While robust, specific anti-retaliation laws are important to protect tenant organizing, without a good cause eviction law also in place, landlords have wide latitude in deciding when to not renew a tenant’s lease or to evict a tenant, and so can use minor complaints as a pretext for a lease nonrenewal when retaliating against tenants who organize. In other words, without good cause protections, landlords still have options for disrupting and deterring organizing activities.

[RELATED ARTICLE: Albany’s Good-Cause Eviction Law Worked—Before the Courts Blocked It.]

States with good cause protections include California, New Hampshire, New Jersey, Oregon, and Washington. Local jurisdictions with just cause laws include Seattle, Philadelphia, San Francisco, Marin County, Oakland, and Washington, D.C.  

A landlord’s grounds for good cause to not renew a tenant’s lease or evict a tenant vary by jurisdiction. In New Jersey, for example, good cause grounds include nonpayment of rent, disorderly conduct that disrupts the peace and quiet of neighbors, and substantial violations of the landlord’s written rules and regulations. In D.C., good cause grounds include the tenant’s violation of the lease if the tenant fails to correct the violation within 30 days of receiving notice.

  1. Protect third-party organizers

A comprehensive tenant organizing law should also address the rights of trained organizers who reside off the property to support tenant organizing activities. Since the advent of the modern tenant organizing movement, third-party organizers have played a critical role in helping tenants with canvassing, trainings, and other organizing activities. In the absence of protections, third-party organizers are much more vulnerable to being barred from a property or facing arrest for criminal trespass.

[RELATED ARTICLE: When a Problematic Landlord is a Nonprofit]

In crafting rights for third-party organizers, a jurisdiction must determine the conditions upon which a third-party organizer can enter the property. The few jurisdictions that explicitly protect third-party organizers take a range of approaches. Under Austin’s new right-to-organize ordinance, a tenant has the right to invite a third-party organizer to assist with organizing activities at the property. In Seattle, the third-party organizer must be accompanied by a tenant.
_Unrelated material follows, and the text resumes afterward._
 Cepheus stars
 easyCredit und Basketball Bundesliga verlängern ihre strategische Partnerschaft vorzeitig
In Washington, D.C., and HUD-assisted properties, whether a third-party organizer must be accompanied by a tenant to canvass depends on whether the complex has a consistently enforced policy barring all outside canvassing.

  1. Require landlords to meet and confer with tenant organizations

A fifth legal mechanism for facilitating tenant organizing rights is a “meet and confer” requirement. Drawing from labor law principles, a meet and confer law requires landlords to meet and negotiate in good faith with the tenant association for the property regarding the landlord’s policies and rents.
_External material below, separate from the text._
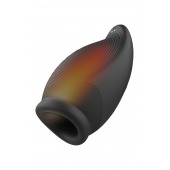 Мастурбатор с вибрацией и функцией нагрева Squeezable Stroker - Dream Toys - в Красногорске купить с доставкой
In 2022, San Francisco adopted an expansive tenant organizing ordinance that includes a meet and confer provision. Under the ordinance, a tenant association may be established for a building with a petition signed by tenants representing at least 50 percent of the occupied units in the building. The ordinance requires the landlord and the official tenant association to confer with each other “in good faith regarding housing conditions, community life, landlord-tenant relations, and other issues of common interest or concern.” Upon written request of the tenant association, the landlord or a landlord representative must attend at least one tenant association meeting each quarter.

  1. Provide enforcement mechanisms to deter landlord noncompliance.
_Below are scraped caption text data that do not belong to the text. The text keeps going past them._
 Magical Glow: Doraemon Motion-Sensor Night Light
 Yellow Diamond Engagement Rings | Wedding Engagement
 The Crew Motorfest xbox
To be effective, right-to-organize laws should provide sufficient penalties and enforcement mechanisms to deter a landlord’s noncompliance. In HUD-assisted properties, tenants can complain to HUD for violations of their tenant organizing rights, which can result in sanctions by HUD, including restricting the property’s ability to participate in federal programs in the future. (Even with these protections, though, enforcement has been weak.) In D.C., owners who violate tenants’ organizing rights can be fined up to $10,000 for each violation and be enjoined to stop future violations. The landlord’s rental business license or registration may also be suspended or revoked for a period of time. The law should also bar lease agreements from waiving a tenant’s right to participate in organizing activities.

Where the law protects tenant organizing activities, several tenant organizers also mentioned the importance of training law enforcement officers on the legal protections, as police are often unfamiliar with the rights that tenants have to organize. As an example, the New York Attorney General recently issued guidance to law enforcement officials in the state on tenants’ legal rights to organize.

Our final recommendation is for cities and states to allocate funding for tenant organizations and tenant organizing activities. The federal government has a long history of funding tenant organizing in HUD-assisted properties, through programs such as VISTA (Volunteers in Service to America) and CETA (Comprehensive Employment and Training Act), although funding has waxed and waned over the years. At the local level, Washington, D.C., has a specific agency dedicated to protecting the city’s tenants, the Office of the Tenant Advocate, whose education and outreach team assists tenants in forming tenant associations. And the city of Austin uses part of its code enforcement budget to fund tenant education and tenant organizing activities.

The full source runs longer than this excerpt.